BOSTON — Doctors treating Teresa Heinz Kerry, the wife of U.S. Secretary of State John Kerry, have ruled out several serious conditions such as a brain tumor, stroke or heart attack as possible causes of the seizure-like symptoms she experienced, a spokesman for Kerry said Tuesday.
Heinz Kerry, 74, was flown to Massachusetts General Hospital after becoming ill Sunday on the Massachusetts island of Nantucket, where the couple owns a home.
Her condition continues to improve and she remained in fair condition at the hospital, State Department spokesman Glen Johnson said in a statement. While evaluations continued to determine what caused the seizure-like symptoms, Johnson said she, her husband and other family members were “deeply grateful” to learn that doctors had eliminated a brain tumor, stroke or heart attack as possible triggers.
The positive developments would also enable Kerry to temporarily resume his official schedule. Kerry will “briefly travel” to Washington on Tuesday to open scheduled meetings between the U.S. and China on strategic and economic issues.
“Members of the family will remain at the hospital before the Secretary’s return to Boston,” Johnson said.
The family did not plan to release any further information about Heinz Kerry’s condition until she was discharged from the hospital, he added.
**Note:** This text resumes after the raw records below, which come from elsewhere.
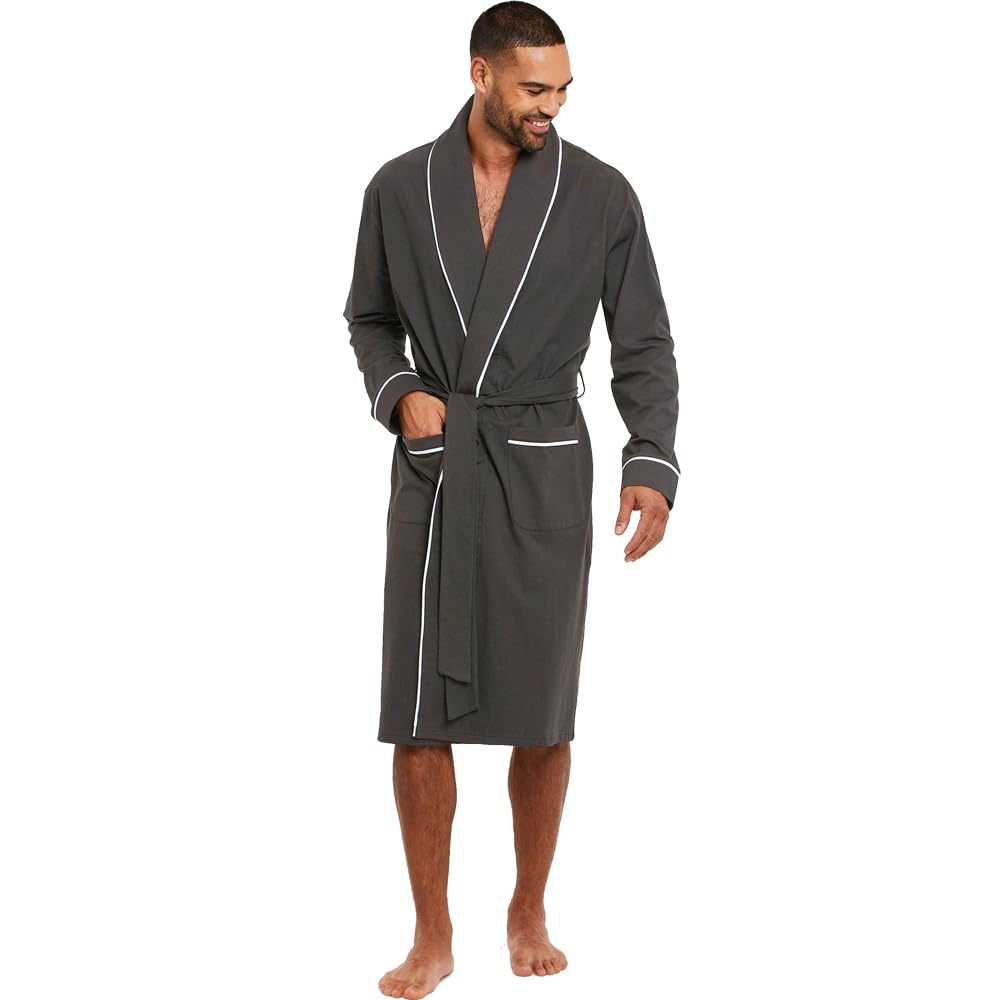 HOLOVE Men's Pure Cotton Batshrobes Lightweight Kimono & Hooded Robes Spa Soft Sleepwear, Iron-gray, XX-Large-3X-Large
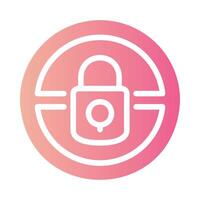 privacy Flat Gradient Icon White Background vector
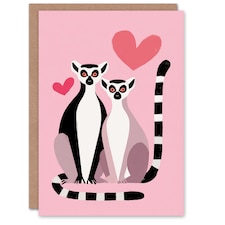 Ring Tailed Lemurs in Love Cute Illustration Valentine's Day Card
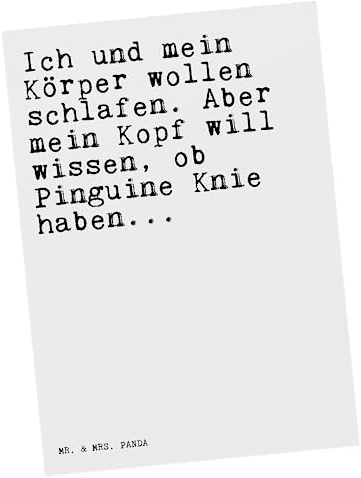 Mr. & Mrs. Panda Postkarte Ich und mein Körper... - Geschenk, Ansichtskarten, schlafen, Sprüche, Spruch, Postkarten, Fotokarte, lustiger, Weisheiten Zitate Lustig Weisheit Worte, Grußkarte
Heinz Kerry, an heir to the Heinz ketchup fortune, is the widow of former U.S. Sen. John Heinz, who was killed along with six others in 1991 when a helicopter collided with a plane over a schoolyard in Merion, Pa. She married Kerry, a longtime senator from Massachusetts, in 1995.
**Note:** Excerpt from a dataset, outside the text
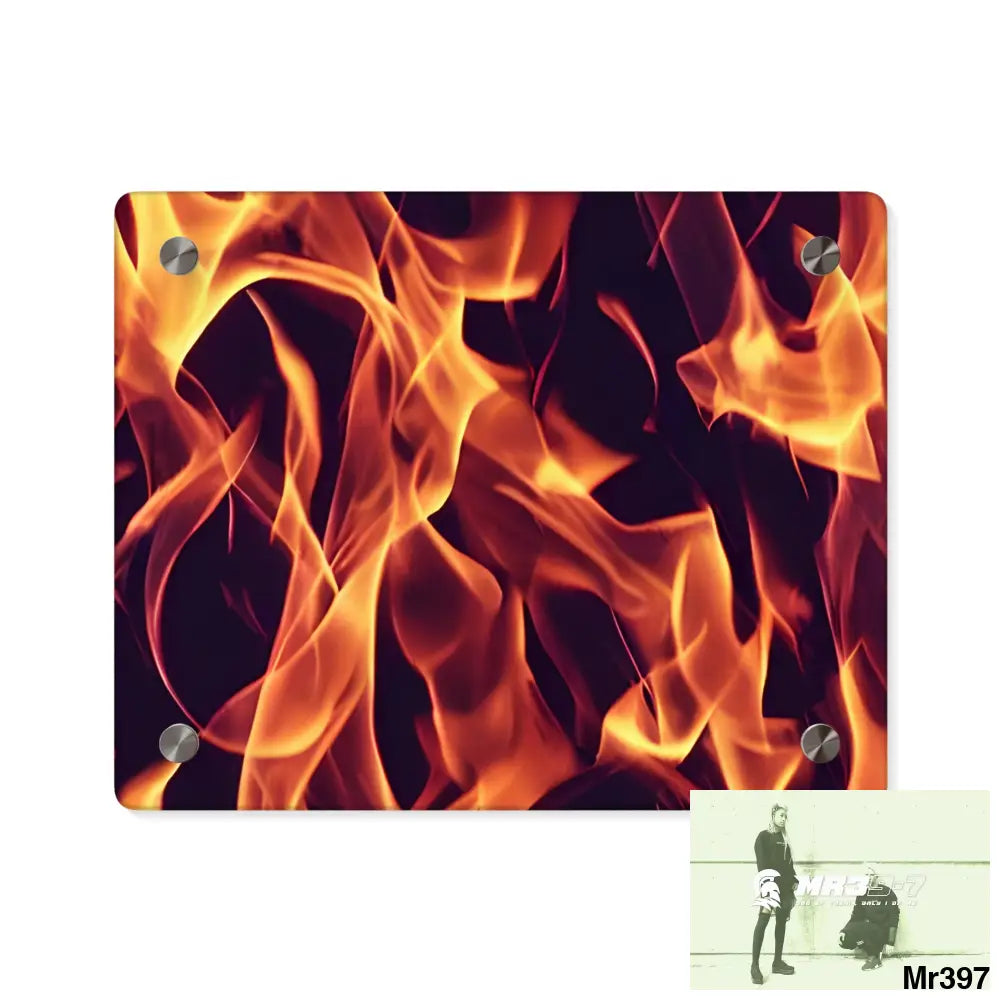 Fire Flames on a Dark Background Acrylic Wall Art Panels 10″ x 8″ (Horizontal) / 0.25’’ Home Decor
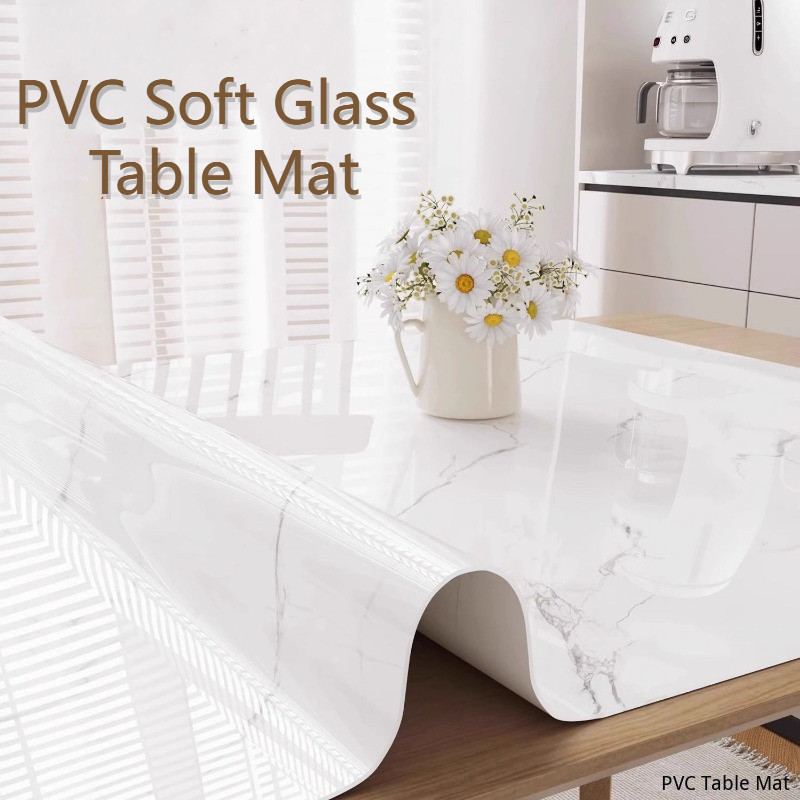 Simple Marble Pattern Pvc Soft Glass Table Mat No-wash Waterproof Oil ...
In 2009, Heinz Kerry was diagnosed with breast cancer and underwent lumpectomies on both breasts.
Kerry, the 2004 Democratic presidential nominee, resigned from the U.S. Senate on Feb. 1 after being confirmed to succeed Hillary Rodham Clinton as Secretary of State.
Johnson said the family was humbled and overwhelmed by the outpouring of support for Heinz Kerry and well wishes that had poured in over the past several days, including those from former congressional colleagues and staff. The family was also touched by several messages and phone calls received from foreign leaders, he said.